It is also my duty to say to you that, should your excellencies, notwithstanding this advice, send your embassy to the United States, after having disposed of its business in Europe, it will have no influence in delaying such measures as I shall be instructed to institute to enforce these demands. Nor shall I await these instructions if events in Japan shall render the use of force necessary for the maintenance of the national dignity and of the rights of our citizens; but I shall consider it my duty, under the full powers I now possess, to use, in any such case, the force now in the Chinese waters and such additional force as may arrive in advance of further instructions.

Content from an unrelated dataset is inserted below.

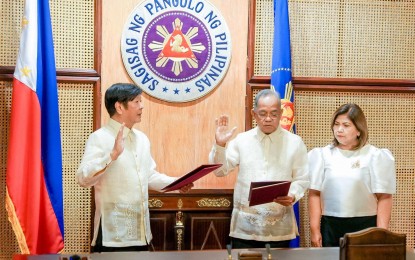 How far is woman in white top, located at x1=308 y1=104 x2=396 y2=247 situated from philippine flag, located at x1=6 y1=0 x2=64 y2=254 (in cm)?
183

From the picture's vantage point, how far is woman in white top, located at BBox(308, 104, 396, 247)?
405 cm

The government of the United States has carefully observed every treaty stipulation, and has abstained from every act which would have a tendency to impair the friendly relations which have hitherto existed between the two governments. The President, therefore, had reason to believe that his demands would be met in the friendly spirit with which they were made; and that his abstaining from sending a strong naval force simultaneously with their presentation would be appreciated by the government of his Majesty the Tycoon. Such course would have redounded to the honor of Japan, as well as secured its true interests by demonstrating that the government of his Majesty the Tycoon was prepared to do justice without the necessity of resorting to coercive measures, or even threatening them. An additional proof is afforded by your present refusal that the foreign powers cannot expect justice to their citizens and subjects, nor any weight to attach to the representations of their ministers, unless they shall keep in the ports of Japan a permanent and strong naval force.

I must also remind your excellencies that the government of the United States has not yet given its consent to the postponement of the opening of the city of Osacca and the ports of Hiogo and Nee-e-gata to foreign trade and residence, and that now it will be fully justified in withholding such consent altogether, and in notifying the treaty powers that it regards such city and ports as now open under its treaty with Japan.

With respect and esteem,

ROBERT H. PRUYN, Minister Resident of the United States in Japan.

Their Excellencies Midsumo Idsumi-no-kami, Itakura Suwo-no-kami, Inowuye Kawatsi-no-kami, arima totomi-no-kami, Members of the Gorogio, &c., &c., &c., Yedo.